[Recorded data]
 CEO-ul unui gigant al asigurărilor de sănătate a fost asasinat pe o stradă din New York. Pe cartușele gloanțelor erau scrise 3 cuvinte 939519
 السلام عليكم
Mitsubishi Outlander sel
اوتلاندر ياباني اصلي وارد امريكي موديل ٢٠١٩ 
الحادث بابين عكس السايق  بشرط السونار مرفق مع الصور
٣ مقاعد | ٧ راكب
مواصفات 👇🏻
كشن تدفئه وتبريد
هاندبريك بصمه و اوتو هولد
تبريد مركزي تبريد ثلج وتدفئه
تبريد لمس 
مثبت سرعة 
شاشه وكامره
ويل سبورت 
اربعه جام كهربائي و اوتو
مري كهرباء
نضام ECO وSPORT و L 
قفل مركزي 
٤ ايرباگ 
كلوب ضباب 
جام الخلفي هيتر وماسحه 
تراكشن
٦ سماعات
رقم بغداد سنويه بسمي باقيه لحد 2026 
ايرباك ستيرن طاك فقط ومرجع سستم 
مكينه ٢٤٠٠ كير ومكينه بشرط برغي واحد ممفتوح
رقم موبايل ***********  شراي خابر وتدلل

==

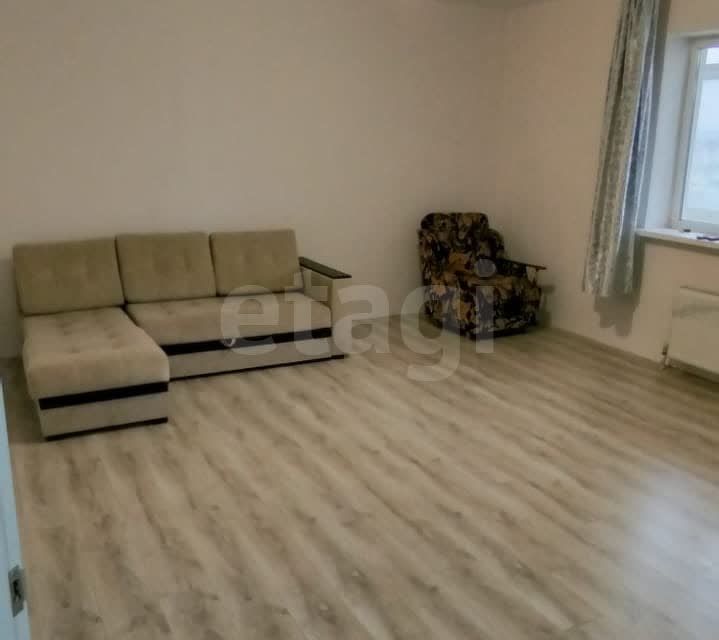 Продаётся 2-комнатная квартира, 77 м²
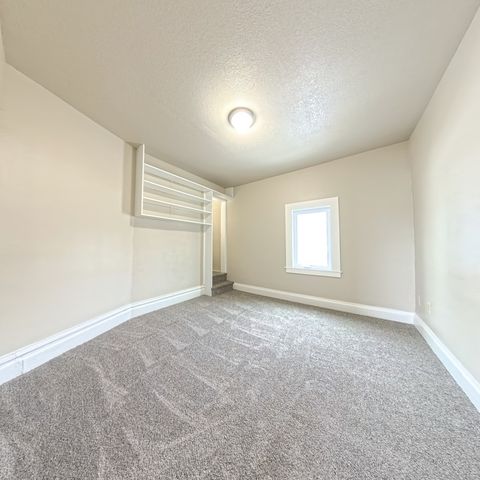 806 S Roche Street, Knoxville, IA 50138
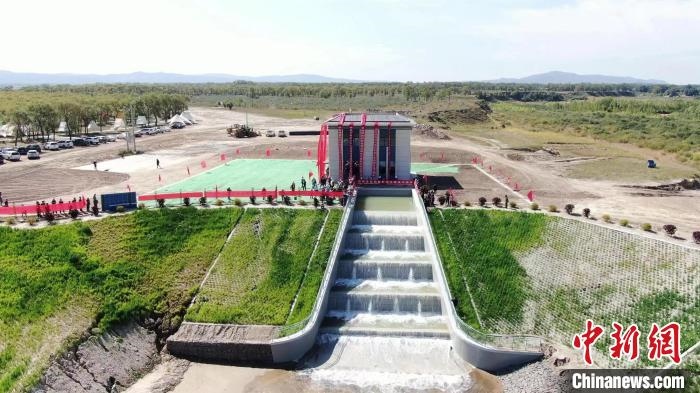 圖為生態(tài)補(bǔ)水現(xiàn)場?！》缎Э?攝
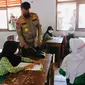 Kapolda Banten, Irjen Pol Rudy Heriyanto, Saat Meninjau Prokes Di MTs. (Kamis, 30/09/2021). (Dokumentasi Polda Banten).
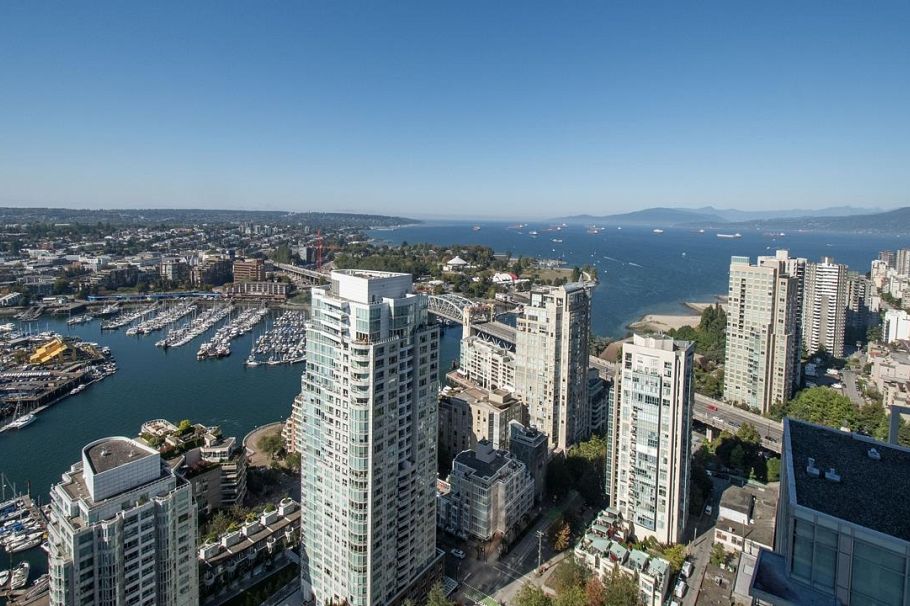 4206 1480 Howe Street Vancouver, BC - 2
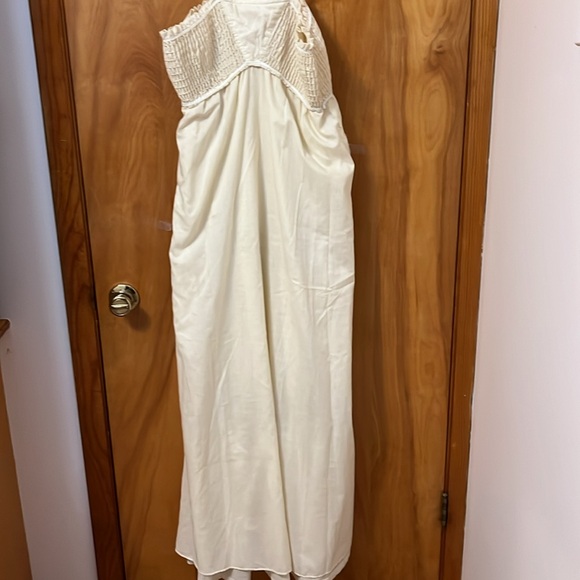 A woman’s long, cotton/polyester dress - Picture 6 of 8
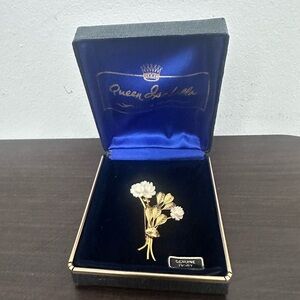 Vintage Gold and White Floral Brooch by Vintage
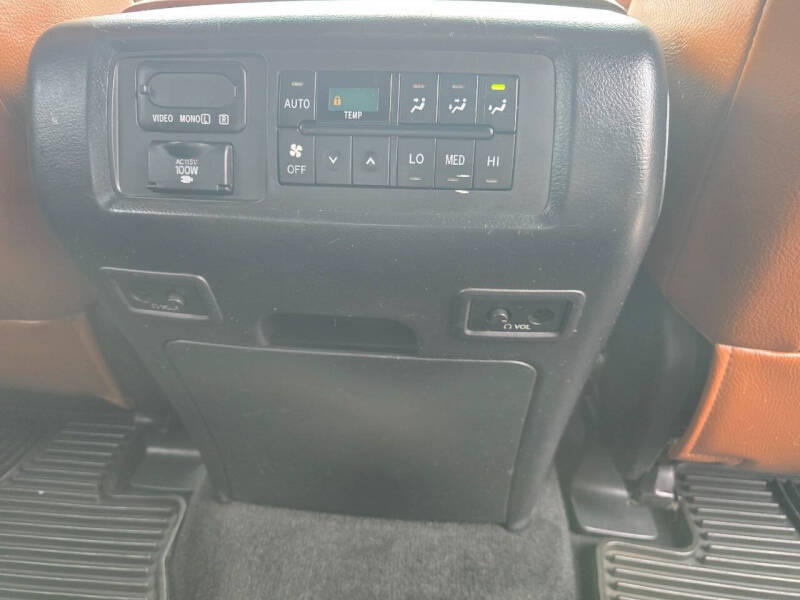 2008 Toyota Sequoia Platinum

Work required:
Which lines above hold the word "بشرط"? Copy each of them.

Task result:
الحادث بابين عكس السايق  بشرط السونار مرفق مع الصور
مكينه ٢٤٠٠ كير ومكينه بشرط برغي واحد ممفتوح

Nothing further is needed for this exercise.